Juan Jacinto Muñoz Rengel’s “El gran imaginador” wins Novel of the Year at the Celsius Festival
El gran imaginador by Juan Jacinto Muñoz Rengel, recipient of a 2014 Leonardo Grant for Literary Creation, has won the Novel of the Year prize at the Celsius Festival. Over its 450 plus pages, the book tells the story of Nikolaos Popoulos (Athens, 16th century). Popoulos’ great dream was to the write the best book of all time, but fate decided he would find himself instead on the course of an epic journey.
22 January, 2018
“The prize kind of gives meaning to the novel. If a book ends up having no impact, you feel lost, but this is an encouragement to go on writing. This award is important because my novel is a kind of hybrid,” the author explains. “The fact that it recognizes a range of genres has helped bring me to the attention of a wider readership.”
An added pleasure for Rengel was that “the prize lets me give something back to the BBVA Foundation, because they believed in me when the book was just a project.”
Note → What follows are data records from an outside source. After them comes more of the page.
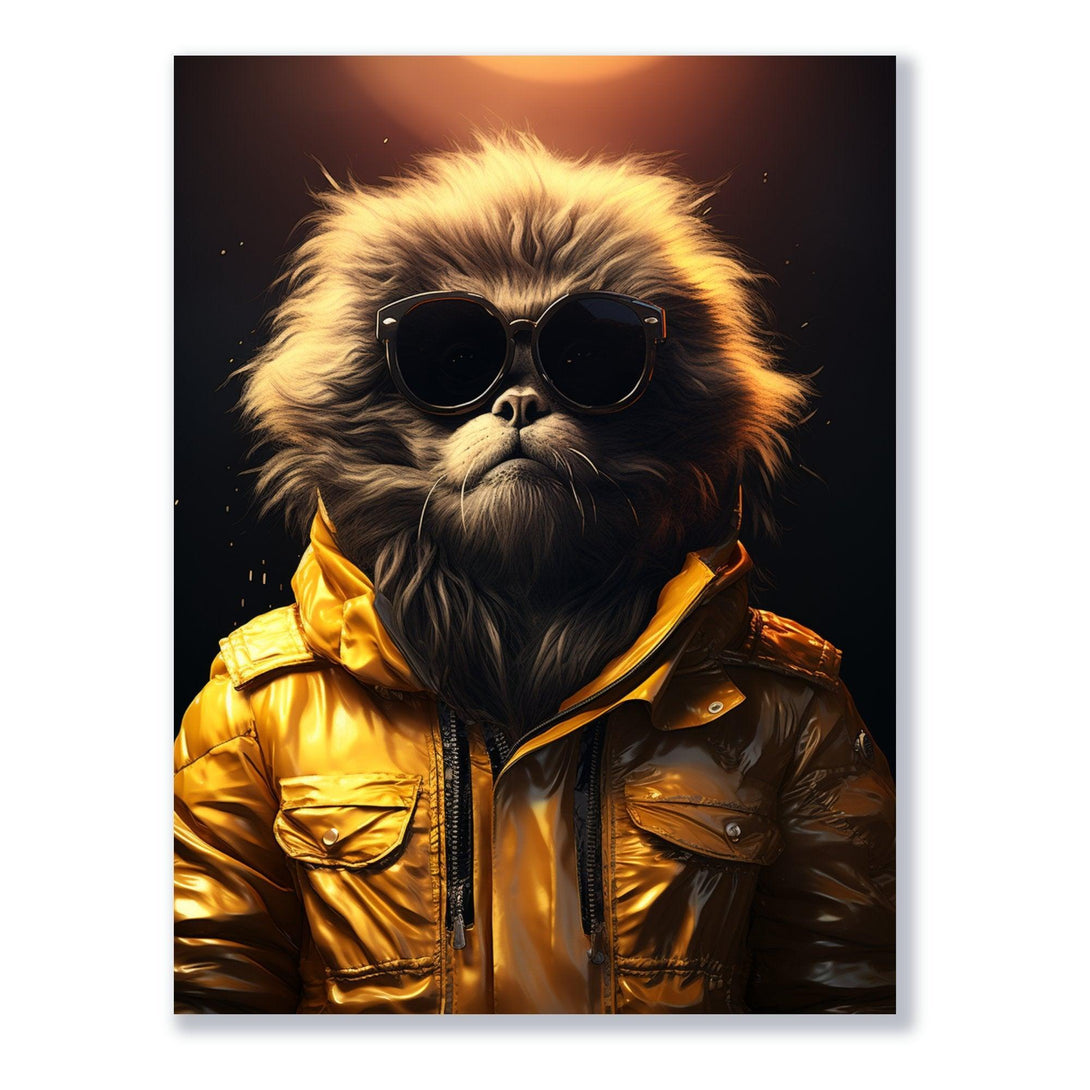 Coole Katze in Gelb 30x40 cm / 12x16″ / Poster auf halbmattem Papier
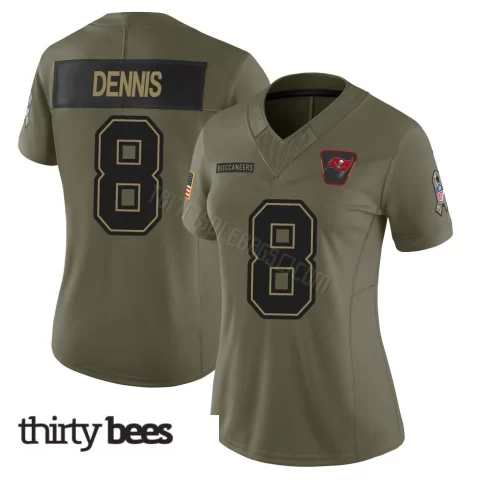 SirVocea Dennis ＃8 Tampa Bay Buccaneers Women's Limited Olive 2025 Salute to Service Jersey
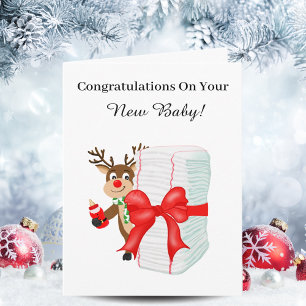 Tarjeta Felicidades por el nuevo bebé Reno de Navidad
One year on from the publication of El gran imaginador, Rengel admits that despite trying to write in two registers, with the goal of reaching both a literary and a more popular readership, the task was far from easy, since the ordinary reader might feel put off by the content. “I think fans of the historical novel expected something different, but the book won them over because its adventure side gives it a playfulness it might otherwise lack. But it also has an educational side,” he affirms.
The author believes that the award underscores the importance of young readers, whom he feels the novel has connected with. Proof of this assertion is that the festival public was mainly of this age group. “At book signings, at the festival’s opening session, in every event, you could see lots of young people, including teenagers,” he relates.
Muñoz Rengel has already started on his next project. Although his initial idea was to rest after writing El gran imaginador, other plans have intervened. He is currently at the revision stage of a philosophical essay and writing a short novel which he describes as “unsettling.”